Het overgrote deel van de automobilisten kan met geleidelijk opladen uit de voeten, betoogt Geert. "Zij hoeven niet dagelijks te laden, zeker niet bij de volgende generatie elektrische auto's die grotere accu's met meer capaciteit zullen hebben. Wachten met opladen is bij een daltarief bovendien goedkoper voor hen."
Maar ook overdag opladen moet prima kunnen, zeker wanneer huizen of bedrijven zonnepanelen hebben. Wanneer de zon dan overdag schijnt, kunnen auto's direct en efficiënt worden opgeladen, zegt Geerts. "Dan maakt je auto opladen goedkoper en duurzamer. En dat is wat we willen bereiken met de energietransitie."
Fit for 55
Het verkoopverbod van verbrandingsmotors is een belangrijke tussenstap op weg naar de grotere ambitie: volledig emissievrij wegvervoer in 2050, het jaar waarin het continent klimaatneutraal hoopt te zijn. Op weg daar naartoe is de doelstelling dat de netto‑uitstoot van broeikasgassen ten minste 55 procent is afgenomen in 2035, het zogenoemde 'Fit for 55'-plan.
'Kritieke onderdelen'
Hoewel veel autofabrikanten, waaronder Volvo, Ford en Stellantis (onder meer Peugeot, Citroën, Fiat), zelf al hebben uitgesproken geen benzine- en dieselauto's te produceren voor 2035, zegt branchevereniging ACEA toch problemen te zien richting 2035. Vooral als het gaat om 'kritieke onderdelen' zoals batterijen en grondstoffen. Daarom vindt ACEA-voorzitter en BMW-topman Oliver Zipse het instellen van regelgeving voor zo'n lange termijn 'voorbarig'.

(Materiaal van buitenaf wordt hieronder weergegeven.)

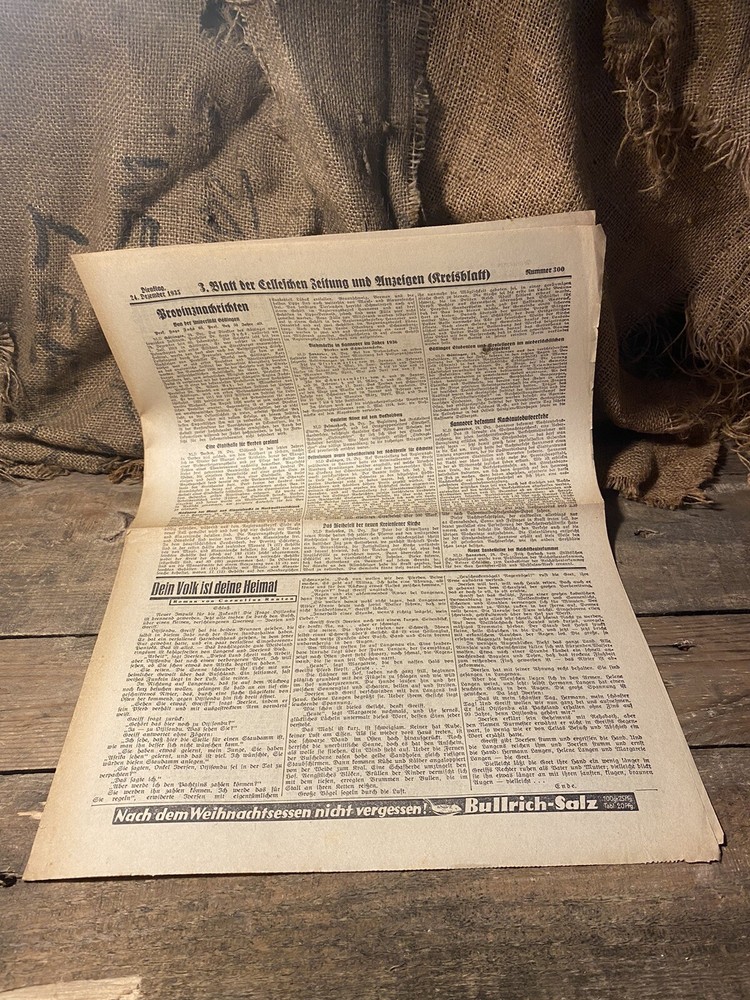 pre ww2 German 1935 newspaper Uboats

De ACEA vindt dat Europa eerst moet werken aan een meer betrouwbare toeleveringsketen. Zo niet, zullen autofabrikanten in Duitsland en Frankrijk de concurrentiestrijd verliezen met automakers buiten Europa, en dan met name uit China, dat wereldwijd voorop loopt bij de productie van batterijcellen.

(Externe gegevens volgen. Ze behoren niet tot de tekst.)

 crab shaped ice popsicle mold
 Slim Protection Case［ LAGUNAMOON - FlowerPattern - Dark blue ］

Ook volgens automarktanalist Schmidt is energie- en grondstofzekerheid binnen Europa van cruciaal belang bij de transitie naar elektrische auto's. "Om de afhankelijkheid van landen als Rusland en China te vermijden, zal Europa waarschijnlijk zelf strategische reserves opbouwen en raffinaderijen op Europese bodem openen."
Over grondstoffen is hij duidelijk: daarvan lijken er genoeg te zijn. "Alleen is nog de vraag wat de kosten van ontginnen en raffineren zullen zijn. De verwachting is dat het hergebruiken van componenten rond 2040 op gang komt."